An unofficial record of sorts may have been set 10 months ago when it comes to the San Antonio concert scene. That’s when Nightwish revealed it would be playing the Aztec Theatre in March 2016, a virtually unheard of case of advance notice that also served as a no-excuses scenario for catching the symphonic metal band in action.
The natives of Finland, fronted by an elegant Dutch dame with an operatic voice who saved the band’s future four years ago, made it well worth the wait Saturday night, treating approximately 1,500 fans to a magical 1-hour, 47-minute performance in support of Endless Forms Most Beautiful.
Floor Jansen, third in a line of female vocalists following Anette Olzon and Tarja Turunen for a band celebrating its 20th year, valiantly stepped in for her predecessor in October 2012 nine months into Nightwish’s world tour, debuting on stage in Seattle, as chronicled in the 2013 DVD “Showtime, Storytime” that included a documentary entitled “Please Learn the Setlist in 48 Hours.” Some 3 1/2 years later, Jansen showed the Alamo City why Nightwish made the right choice backed, largely and naturally, by guitarist Emppu Vuorinen, bassist Marco Hietala, keyboardist, chief songwriter and band founder Tuomas Holopainen, Uileann pipes player Troy Donockley and touring drummer Kai Hahto.
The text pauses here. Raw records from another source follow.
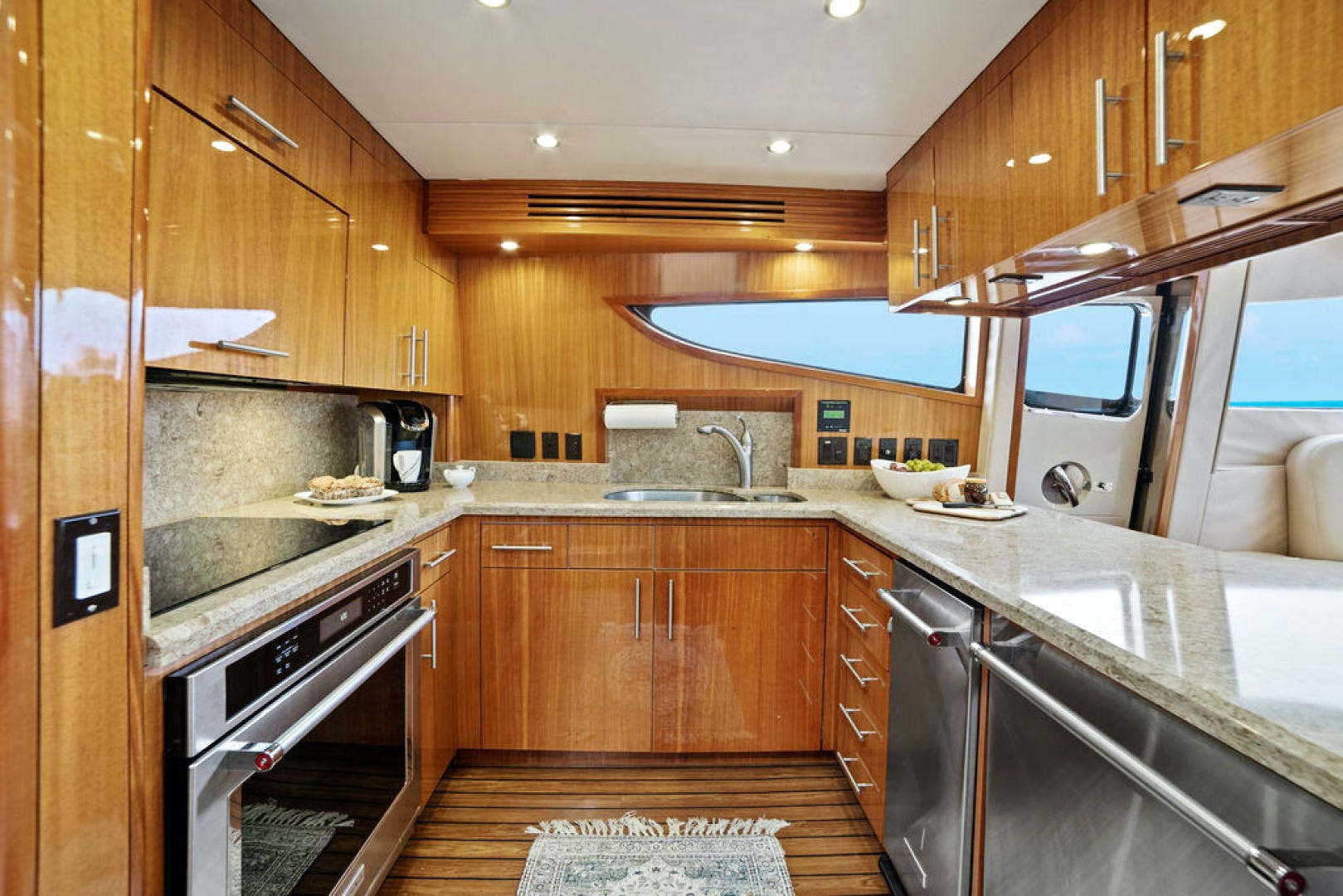 Yacht LA MER, Hatteras Yachts | CHARTERWORLD Luxury Superyacht Charters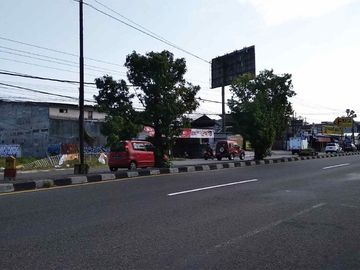Tanah Pekarangan Tepi jalan Solo dekat Bandara
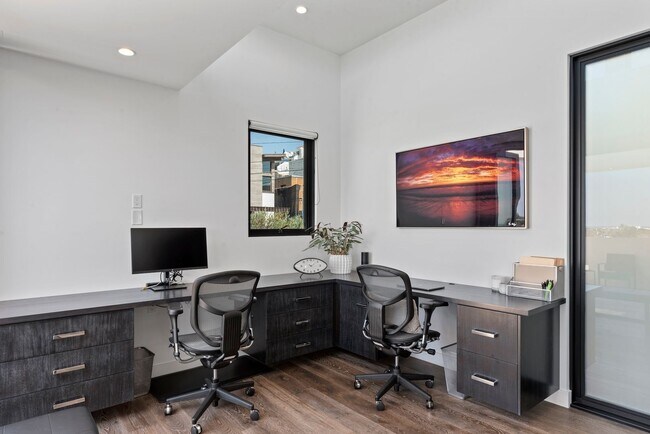 Building Photo - Recently Built, Fully Furnished, Custom Home w/ Amazing Indoor/Outdoor Living Space, Perched Abov...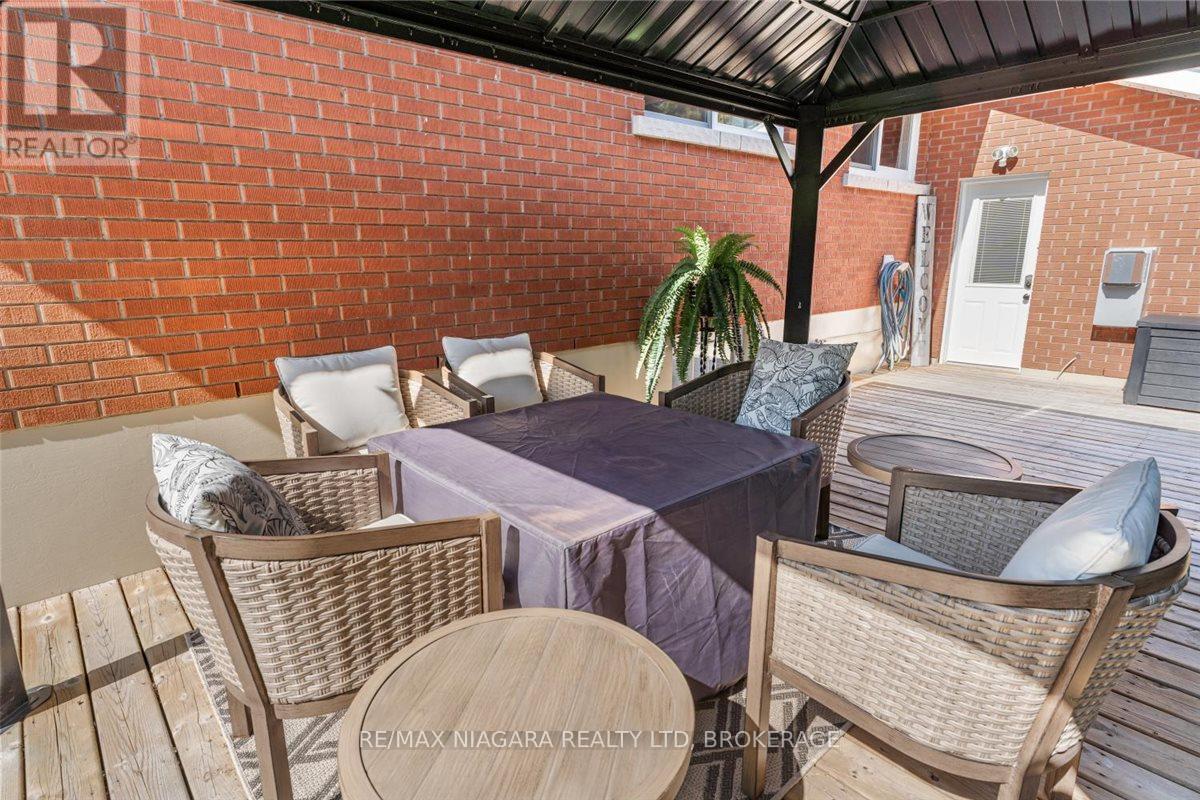 Photo 30 of 62 Oakridge Crescent E, Port Colborne ON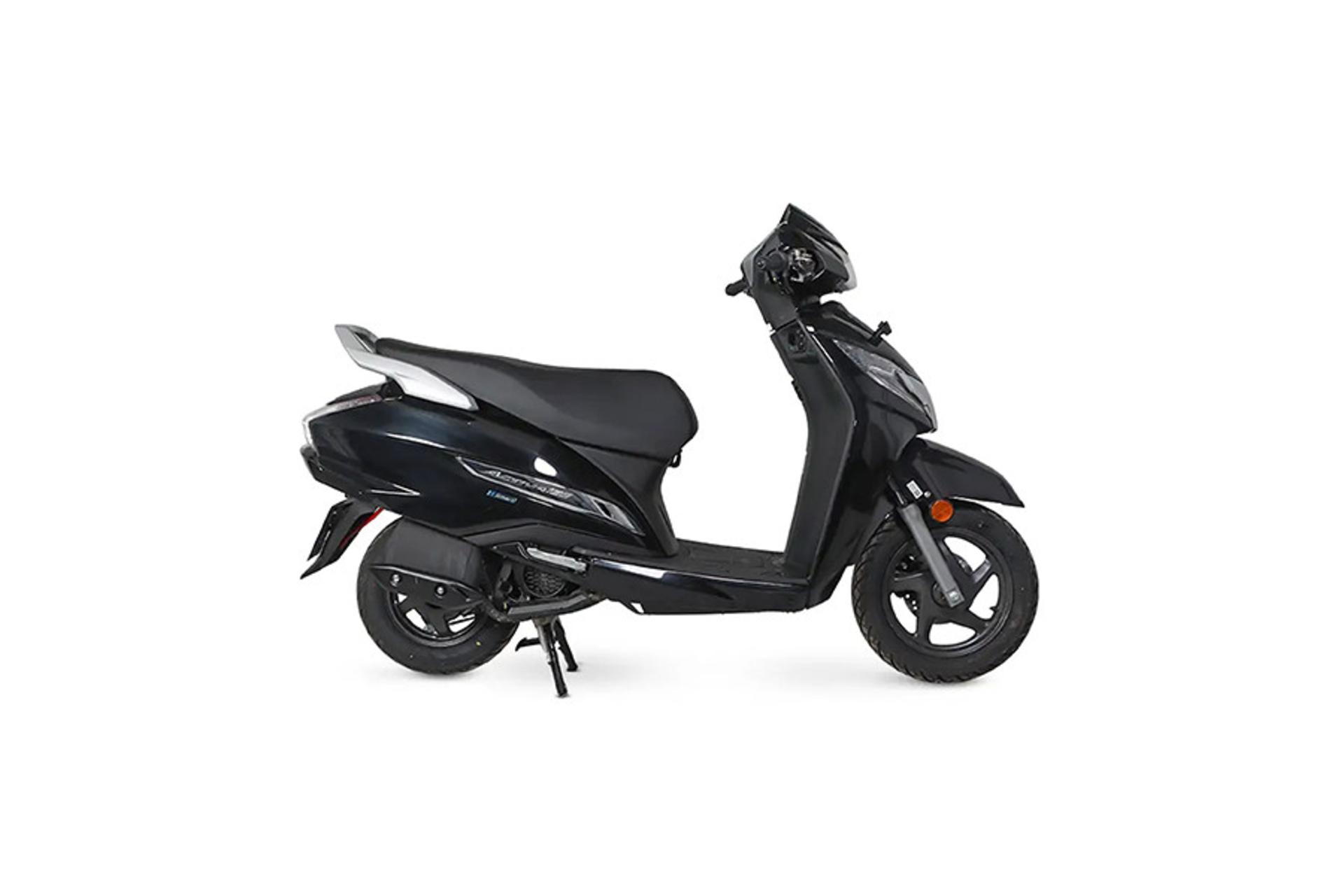 موتورسیکلت هوندا اکتیوا Honda ACTIVA 125 نمای جانبی راست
Opening with the latest CD’s first track, “Shudder Before the Beautiful,” Nightwish took to the stage after fellow Finnish friends Sonata Arctica and Dutch openers Delain (coverage here), embarking on a 16-song trek that entertained and amazed. The number of tunes was one more than Jansen had to learn in two days when she first sang for the band, but perhaps no less challenging. Nightwish’s passages and lyrics can be complex and thus can’t be pulled off by just anyone. Yet Jansen did it with a flair not often shown by Olzon. Jansen not only sang beautifully and commanded the stage, but she was a windmilling, headbanging machine for most of the night, using her long, flowing hair to her advantage on highlights such as new tune “Weak Fantasy” and the Olzon-era “Last Ride of the Day” (watch SAMME footage of the latter here).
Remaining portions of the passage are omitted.